Problem:
Repeat exactly the line with "a plate of pasta" and each line after it to the end of the data below; pictures stay out.

Records supplied:

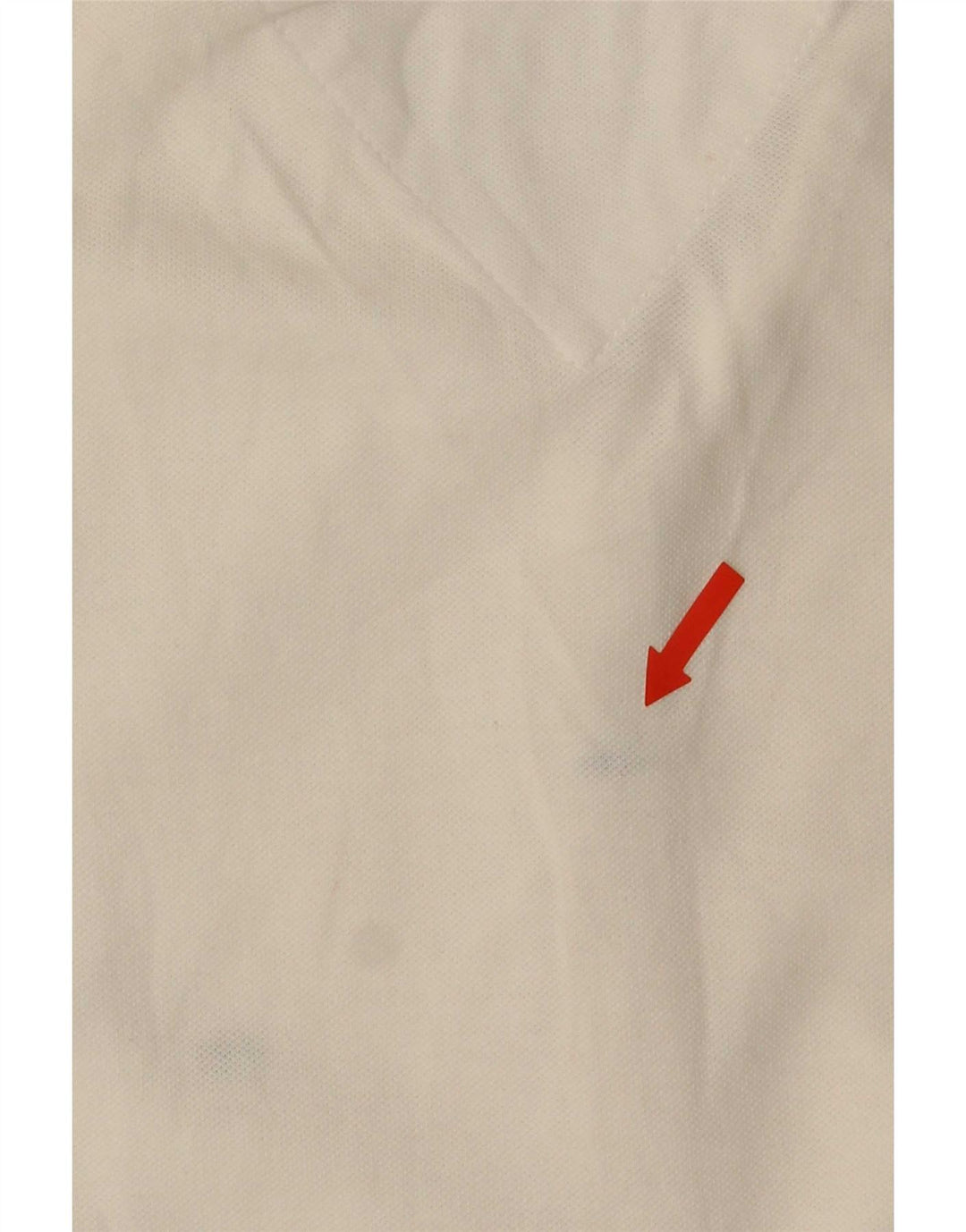 Camisa polo feminina Tommy Hilfiger Reino Unido 12 médio algodão branco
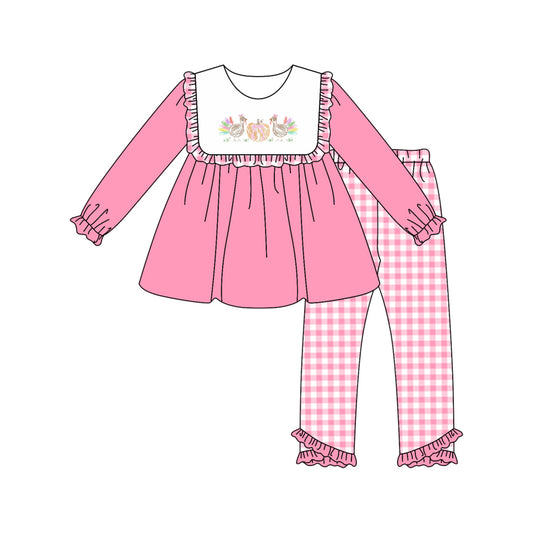 6.5GLP2432 Rose Red Turkey Girls Suit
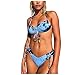 Produktbild No Branded Frauen sexy Patchwork Stickerei Bandage Split Bikini Bademode Badeanzug gepolstert Set Beachwear Bandeau Beach Mode Hosen Volant Dreieck Push-up Verdeck rückenfreie Bikinis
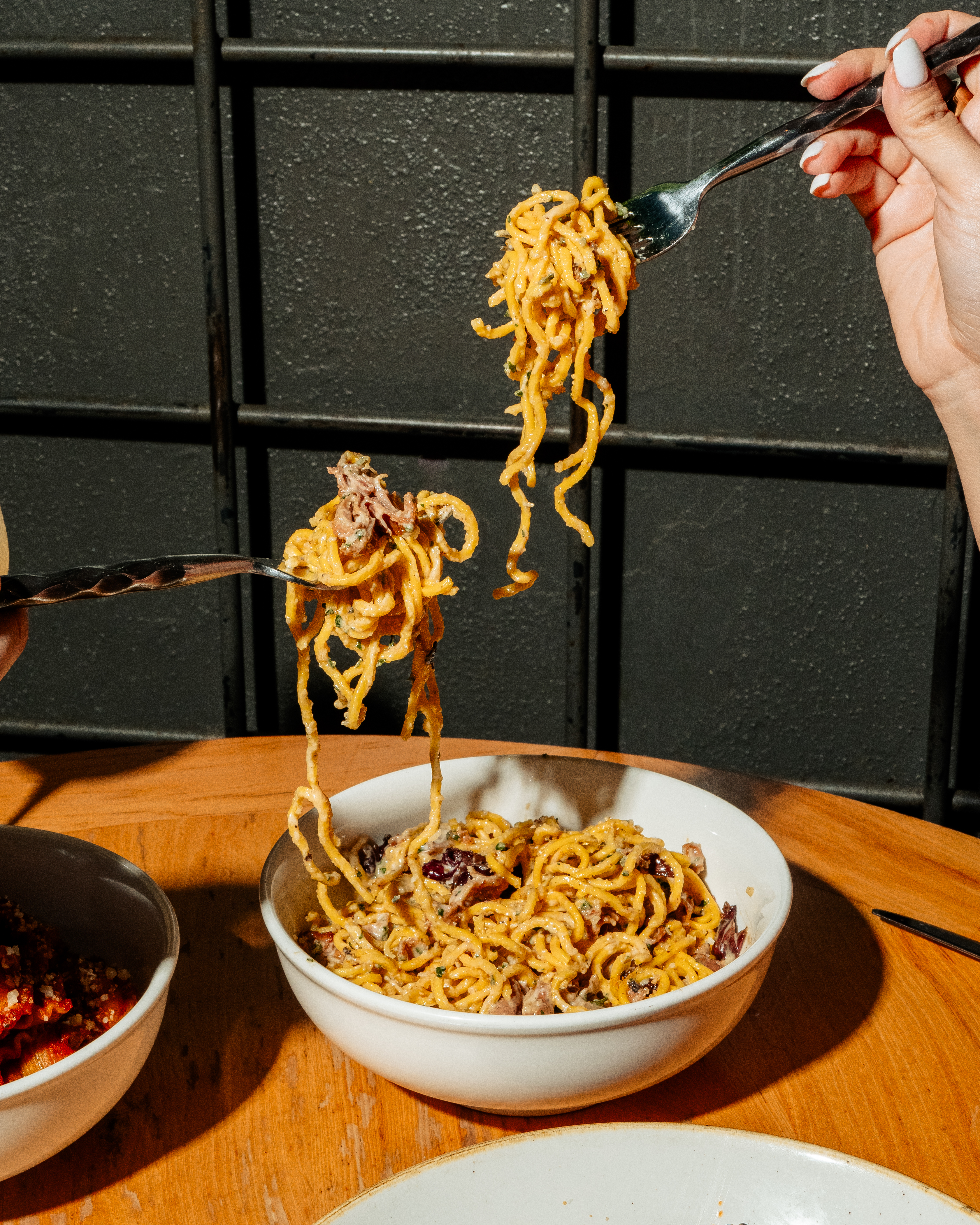 a plate of pasta
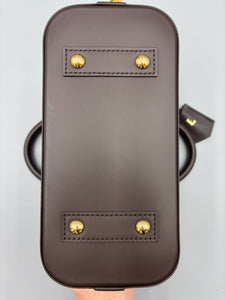 Louis Vuitton Alma BB ebene with strap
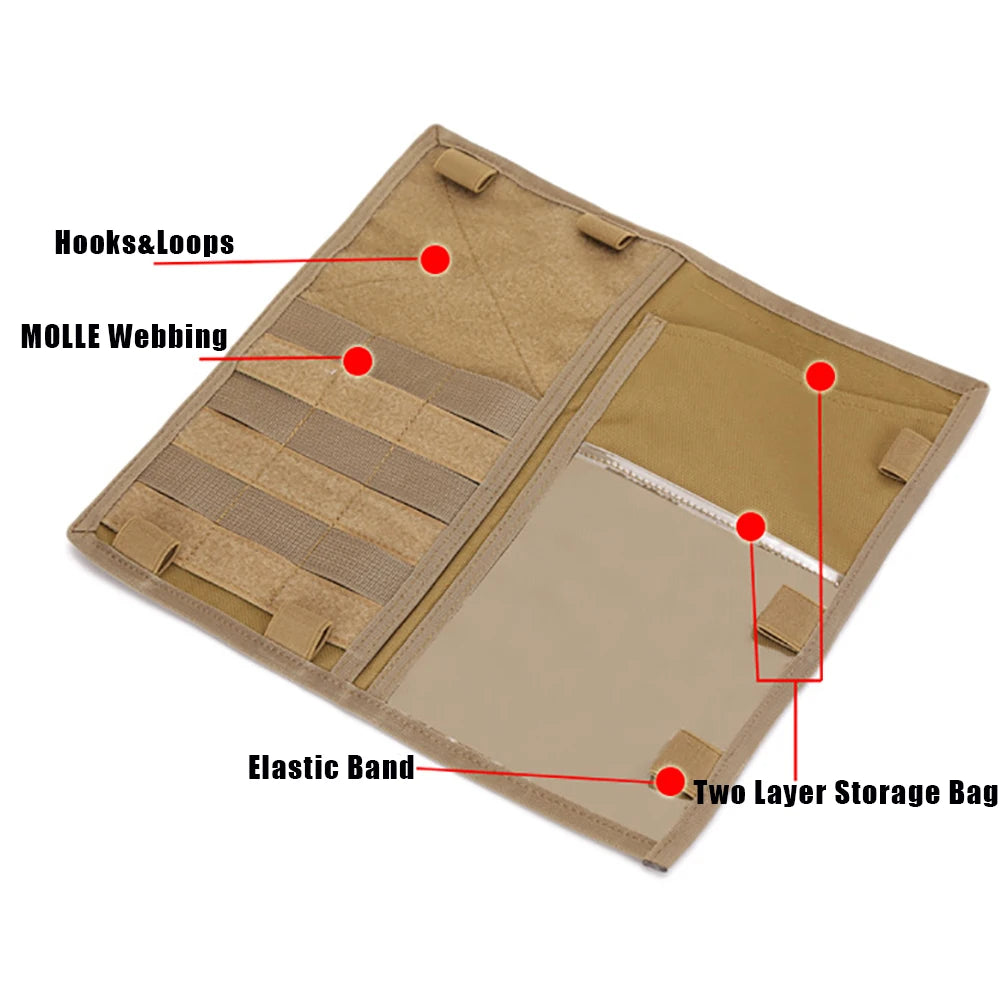 Car Sun Visor Organizer – Molle Panel with Zipper Pouch & Glasses Clip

Exercise output:
 a plate of pasta
 Louis Vuitton Alma BB ebene with strap
 Car Sun Visor Organizer – Molle Panel with Zipper Pouch & Glasses Clip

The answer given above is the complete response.